Each entry has to be set down again with no alteration.

### Dataset records

►

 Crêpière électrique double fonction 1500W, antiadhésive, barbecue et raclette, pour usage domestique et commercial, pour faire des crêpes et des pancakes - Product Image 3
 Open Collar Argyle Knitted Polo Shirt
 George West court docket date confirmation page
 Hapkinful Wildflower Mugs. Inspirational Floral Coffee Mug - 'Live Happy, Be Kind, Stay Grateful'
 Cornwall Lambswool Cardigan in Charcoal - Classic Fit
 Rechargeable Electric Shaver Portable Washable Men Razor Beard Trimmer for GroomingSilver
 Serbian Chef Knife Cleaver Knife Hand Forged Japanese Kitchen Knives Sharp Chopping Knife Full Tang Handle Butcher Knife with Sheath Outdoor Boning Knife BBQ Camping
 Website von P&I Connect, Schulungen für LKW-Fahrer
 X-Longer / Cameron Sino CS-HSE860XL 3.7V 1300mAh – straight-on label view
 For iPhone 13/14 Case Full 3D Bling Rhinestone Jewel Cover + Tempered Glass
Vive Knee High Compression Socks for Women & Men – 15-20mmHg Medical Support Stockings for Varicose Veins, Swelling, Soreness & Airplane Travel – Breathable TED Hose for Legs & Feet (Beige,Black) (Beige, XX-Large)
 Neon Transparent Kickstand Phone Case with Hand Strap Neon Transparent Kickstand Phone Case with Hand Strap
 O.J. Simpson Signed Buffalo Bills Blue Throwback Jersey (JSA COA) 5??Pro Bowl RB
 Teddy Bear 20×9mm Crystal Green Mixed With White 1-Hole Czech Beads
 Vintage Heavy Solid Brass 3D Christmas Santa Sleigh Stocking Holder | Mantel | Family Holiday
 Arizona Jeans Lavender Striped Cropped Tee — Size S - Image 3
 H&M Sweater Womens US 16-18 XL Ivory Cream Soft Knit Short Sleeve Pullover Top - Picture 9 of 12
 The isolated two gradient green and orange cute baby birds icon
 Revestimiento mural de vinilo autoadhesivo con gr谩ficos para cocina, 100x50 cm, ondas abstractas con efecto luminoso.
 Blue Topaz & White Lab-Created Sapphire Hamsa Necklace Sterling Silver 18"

◄

### Response to the task
 Crêpière électrique double fonction 1500W, antiadhésive, barbecue et raclette, pour usage domestique et commercial, pour faire des crêpes et des pancakes - Product Image 3
 Open Collar Argyle Knitted Polo Shirt
 George West court docket date confirmation page
 Hapkinful Wildflower Mugs. Inspirational Floral Coffee Mug - 'Live Happy, Be Kind, Stay Grateful'
 Cornwall Lambswool Cardigan in Charcoal - Classic Fit
 Rechargeable Electric Shaver Portable Washable Men Razor Beard Trimmer for GroomingSilver
 Serbian Chef Knife Cleaver Knife Hand Forged Japanese Kitchen Knives Sharp Chopping Knife Full Tang Handle Butcher Knife with Sheath Outdoor Boning Knife BBQ Camping
 Website von P&I Connect, Schulungen für LKW-Fahrer
 X-Longer / Cameron Sino CS-HSE860XL 3.7V 1300mAh – straight-on label view
 For iPhone 13/14 Case Full 3D Bling Rhinestone Jewel Cover + Tempered Glass
Vive Knee High Compression Socks for Women & Men – 15-20mmHg Medical Support Stockings for Varicose Veins, Swelling, Soreness & Airplane Travel – Breathable TED Hose for Legs & Feet (Beige,Black) (Beige, XX-Large)
 Neon Transparent Kickstand Phone Case with Hand Strap Neon Transparent Kickstand Phone Case with Hand Strap
 O.J. Simpson Signed Buffalo Bills Blue Throwback Jersey (JSA COA) 5??Pro Bowl RB
 Teddy Bear 20×9mm Crystal Green Mixed With White 1-Hole Czech Beads
 Vintage Heavy Solid Brass 3D Christmas Santa Sleigh Stocking Holder | Mantel | Family Holiday
 Arizona Jeans Lavender Striped Cropped Tee — Size S - Image 3
 H&M Sweater Womens US 16-18 XL Ivory Cream Soft Knit Short Sleeve Pullover Top - Picture 9 of 12
 The isolated two gradient green and orange cute baby birds icon
 Revestimiento mural de vinilo autoadhesivo con gr谩ficos para cocina, 100x50 cm, ondas abstractas con efecto luminoso.
 Blue Topaz & White Lab-Created Sapphire Hamsa Necklace Sterling Silver 18"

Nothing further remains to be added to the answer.